THREE Ofsted advisors looked in on Little Ridge School for just two days and pronounced that it should be in ‘special measures’. here are serious grounds for a judicial review of that decision and others in the locality.
It would be easy for me as a former Labour politician to blame the current Government for apparent recent failings. In 2011 Little Ridge School was assessed to be ‘good’. The latest report suggests that since then there have been improvements in outcomes (although not fast enough).
Even if those comments are taken at face value, how can a school ‘improve’ and move from ‘good’ to being in need of ‘special measures’? It is patently nonsense.
The problem is these lightning strikes by Ofsted officials destroy careers and undermine confidence and one needs to assess as to whether a two-day visit by three ‘experts’ can possibly make such gigantic assessments, or more especially that they have value.
The report goes on to suggest that the pupils are well behaved and courteous and yet criticises the school’s structured approach, suggesting children should have more freedom to do as they will.
Many young people, particularly from some families within our community, need structure and if the outcome is that they turn out to be well adjusted, polite and courteous children then where’s the problem?
I declare an interest, in that I was the first chairman of the governors of Little Ridge (now many years ago) but in the meantime I have watched its progress with interest.

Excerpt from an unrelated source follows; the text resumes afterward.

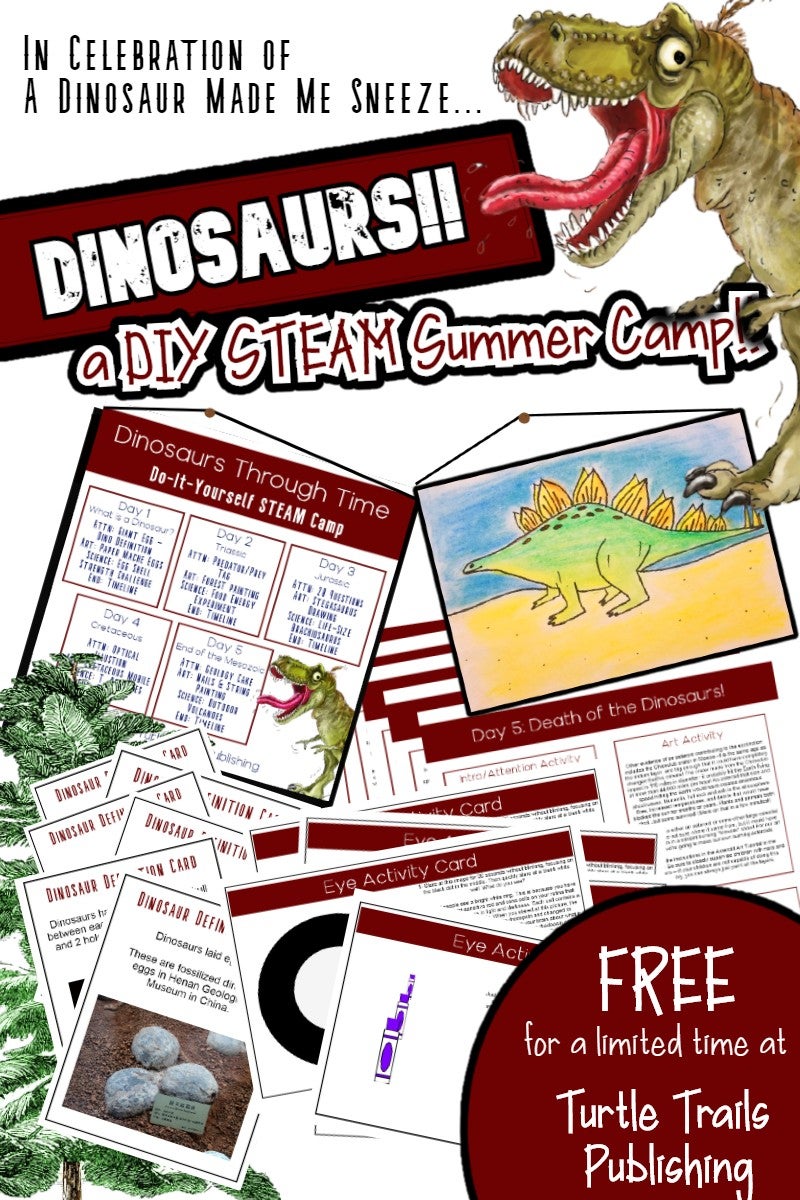 FREE DIY Dinosaur STEAM Summer Camp!! Teaching Without Chairs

Four grandchildren have had the benefit of attending the school, three having moved on- the most recent just this summer- with a fine experience behind them.
There is always room for improvement and surely the purpose of Ofsted should be to identify and support, not to destroy, as in this latest report, not just Little Ridge but, I understand, a number of other schools in the locality.
The testimony of parents lining up to thank Tom Collins, the head who has just left, on his last day is perhaps the better assessment.
My criticism is not intended to be an acceptance of low standards, indeed we would all want to see the pursuit of excellence, but it seems strange that these criticisms across the board should come when the academies are in vogue.
Am I being sceptical when I suggest that schools are being marked down so that the academy cavalry can come to the rescue?